THE UNDERSIGNED, acting as the incorporator of a corporation under and in accordance with the General Corporation Law of the State of Delaware, as the same exists or may hereafter be amended from time to time (the “DGCL”), hereby adopts the following Certificate of Incorporation (this “Certificate”) for such corporation:
ARTICLE I
NAME
The name of the corporation is Live Oak Mobility Acquisition Corp. (the “Corporation”).
ARTICLE II
REGISTERED AGENT
The address of its registered office in the State of Delaware is: 251 Little Falls Drive, Wilmington, New Castle County, Delaware 19808. The name of its registered agent at such address is: Corporation Service Company.
ARTICLE III
PURPOSE
The purpose for which the Corporation is organized is to engage in any lawful act or activity for which corporations may be organized under the DGCL.
ARTICLE IV
CAPITALIZATION
Section 4.1 Authorized Capital Stock. The total number of shares of all classes of capital stock which the Corporation is authorized to issue is 221,000,000 shares, consisting of (i) 220,000,000 shares of common stock, par value $0.0001 per share (the “Common Stock”), including (A) 200,000,000 shares of Class A common stock, par value $0.0001 per share (“Class A Common Stock”) and (B) 20,000,000 shares of Class B common stock, par value $0.0001 per share (“Class B Common Stock”), and (ii) 1,000,000 shares of preferred stock, par value $0.0001 per share (the “Preferred Stock”). The powers, preferences and relative, participating, optional and other special rights of the respective classes of the Corporation’s capital stock or the holders thereof and the qualifications, limitations and restrictions thereof are as follows.
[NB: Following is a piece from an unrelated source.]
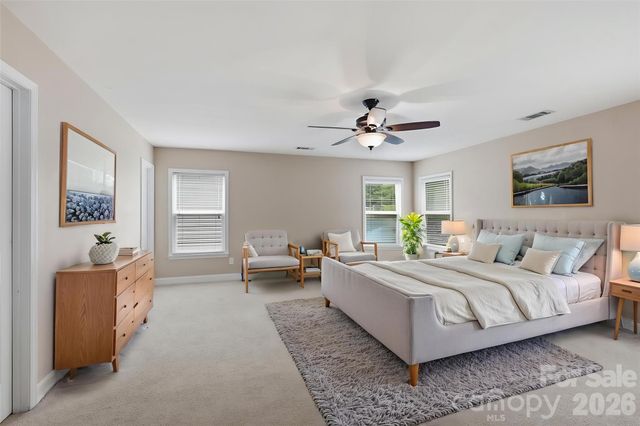 112 Colville Road, Mooresville, NC 28117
Section 4.2 Preferred Stock.
(a) The Preferred Stock may be issued in one or more series from time to time, with each such series to consist of such number of shares and to have such voting powers, full or limited, or no voting powers, and such designations, preferences and relative, participating, optional or other special rights, and the qualifications, limitations or restrictions thereof, as shall be stated in the resolution or resolutions providing for the issuance of such series adopted by the board of directors of the Corporation (the “Board”) and included in a certificate of designations (a “Preferred Stock Designation”) filed pursuant to the DGCL, and the Board is hereby expressly vested with the authority, to the full extent now or hereafter provided by law, to adopt any such resolution or resolutions.